White Gold - Porcelain

Dresden Fortress (A)

Johann Friedrich Boettger played a real trick to attract the world’s attention to him: He pretended to be able to make gold. Since he was a trained apothecary, everybody believed him and it took no wonder that the rulers courted him. Eventually, Augustus the Strong was able to settle the dispute in his favour and had Boettger brought to Dresden. In the search for a suitable place for making gold, the casemates in the Dresden Fortress suggested themselves as appropriate. Perfect conditions were found there to perform scientific experiments in quiet seclusion and in strict secrecy. In January 1708, Johann Friedrich Boettger, jointly with von Tschirnhaus, invented the European hard-paste porcelain.
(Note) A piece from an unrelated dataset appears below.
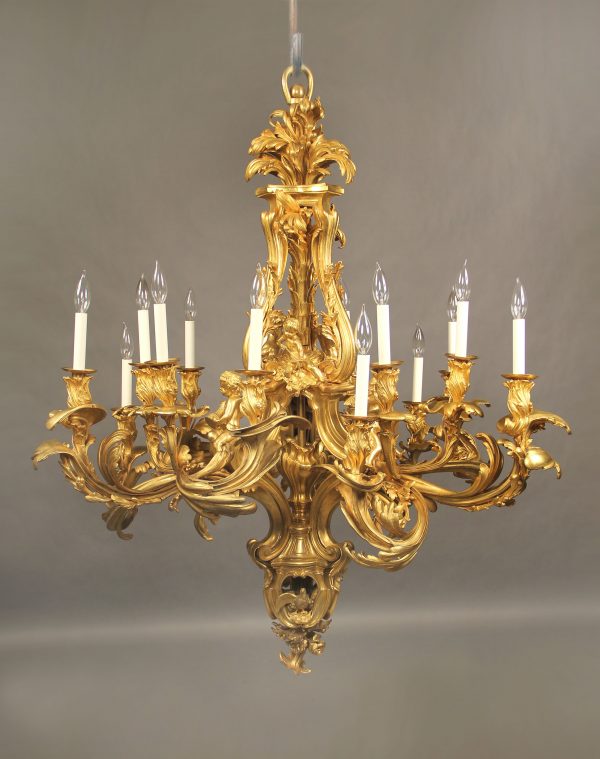 Late 19th-Early 20th Century Gilt Bronze Fifteen Light Chandelier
In the Dresden Fortress, which Augustus the Strong also termed »Bastion Venus«, you can still explore the cannon yards, underground bridges and Dresden’s oldest preserved town gate.

Details on the Dresden Fortress

Further to Station B – Meissen Albrechtsburg Castle, approx. 27 km

Albrechtsburg Castle (B)

As early as in summer 1710, Augustus the Strong relocated the manufactory to Albrechtsburg Castle in Meissen. There was sufficient space there and, first of all, the recipe of porcelain-making could be kept a well-hidden secret there.

The time of the porcelain manufactory is revived in the new permanent exhibition: Those who keep their ears and eyes wide open may trace the history of porcelain-making in short and thrilling stories and hear the space-filling sound made by the workmen. The digital laboratory is certainly of interest to both the young and the young-at-heart: Have a go at making porcelain yourself and have your own self-made pot fired. At Albrechtsburg Castle you can learn more about the unusual architecture of the first palace built in Germany. Feel as if you were put into a »painted picture book« and learn more about the regional history of rulers and lands.

Details on Albrechtsburg Castle

Further to Station C - Dresden Zwinger, approx. 26 km

Dresden Zwinger (C)

All the splendour of the White Gold can be admired in the Porcelain Collection of the Dresden State Art Collections in the Zwinger. The collection was founded by Augustus the Strong in 1715. Today it comprises about 20,000 pieces of porcelain art. What is on show is not only life-size animals of porcelain, such as monkeys and lions, from the Meissen production, but also finest traditional East-Asian porcelain, mainly dating from the 17th and 18th centuries. It is not just for nothing that the collection ranks among the largest and qualitatively most precious of its kind.

However, porcelain is not just a visual pleasure, it can also be a feast to the ears: in the Zwinger yard, right behind the entrance to the Porcelain Collection, there is the Glockenspiel Pavilion. 40 porcelain bells manufactured in Meissen delight visitors to the Zwinger several times a day playing tunes by Vivaldi or Carl Maria von Weber.

Details on the Dresden Zwinger

How an apothecary changed the world: It is a story written by people with a great deal of curiosity, inquisitiveness and an affection for beautiful things. For one part, there was the Elector Augustus the Strong who indulged in the pleasures of life, but was little successful in the military respect. And, for the other, there was the scholar from Upper Lusatia, Ehrenfried Walther von Tschirnhaus. He was not only well-educated in physics and mathematics, but also knowledgeable in mineralogy and alchemy. Johann Friedrich Boettger, the apothecary and alchemist from Thuringia, did not exactly volunteer in what later turned out to be his great contribution to inventing the white European hard-paste porcelain. What the two of them invented proved to be of great effect for the Elector: The gaping deficit in the state’s treasury could be balanced a little. In the end, it was only to substitute one of the Elector’s addictions for another – the »maladie de porcelaine« or porcelain disease.
There is much to explore in the quest for the stories behind the White Gold. And the historical places of action and a large part of the Saxon Elector’s porcelain collection can still be seen today. Allow yourself to be infected by the »maladie de porcelaine«.